Helpline: 1800 234 900

Frequently Asked Questions

 What is counselling?

The counsellors at Mayo RCC are trained to listen deeply to men and women who have been affected by sexual violence, irrespective of when this violence happened. They will listen in a respectful and non-judgmental way, enabling you to explore your feelings at your own pace, and in your own time.
The relationship between the client and counsellor is based on confidentiality (except where we believe either you or another is in danger) and trust. We aim to provide a supportive environment where you will not be judged or put under pressure to talk about anything you are not ready to talk about.
*Our confidentiality policy will be discussed in detail at your initial session. 

How long is a session?

A counselling session lasts for an hour and we recommend making a commitment to attend for six sessions initially. You will then, along with your counsellor, be invited to review how it is going for you and to decide if you would like to continue.

How much does it cost?
Our service is free.

Who can attend?
Any man or woman over the age of 16yrs who has suffered any form of sexual violence can attend our service.

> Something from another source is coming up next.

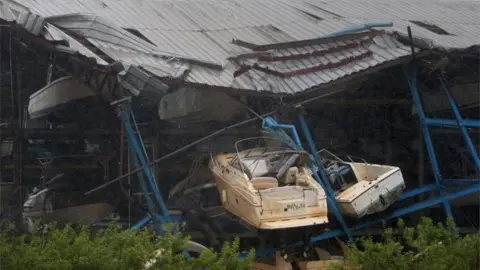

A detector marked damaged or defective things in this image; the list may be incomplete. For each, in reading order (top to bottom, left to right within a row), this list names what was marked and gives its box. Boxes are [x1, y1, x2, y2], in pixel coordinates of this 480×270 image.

I felt violated, but I don’t know if what happened was a sexual violation. Can I get counselling?
It is very common for survivors to not be fully able to understand what happened to them or how they feel about it, especially if it doesn't match up with the concept they had in their head about what would or would not be a violation. Often it is hard for people to understand that physical violence is not always used in sexual assaults. The assault itself is still considered an act of violence. It is important to understand that any sort of unwanted sexual encounters or unwanted sexualized actions are considered sexual violations.

What if I don't remember all the details?
The healing process is not like a law enforcement investigation; evidence is not the focus. It is more important to concentrate on healing.

How do I tell someone I've been raped or sexually abused?

Telling someone that you have been raped or sexually abused can be very hard but it is really important that you tell someone so you can get support. Pick someone that you trust and feel comfortable with, tell them in a place where you feel safe and in control. Only tell them as much as you want to and at your own pace. 

My friend got raped and she doesn’t want to tell anyone. I'm the only one that knows. What should I do?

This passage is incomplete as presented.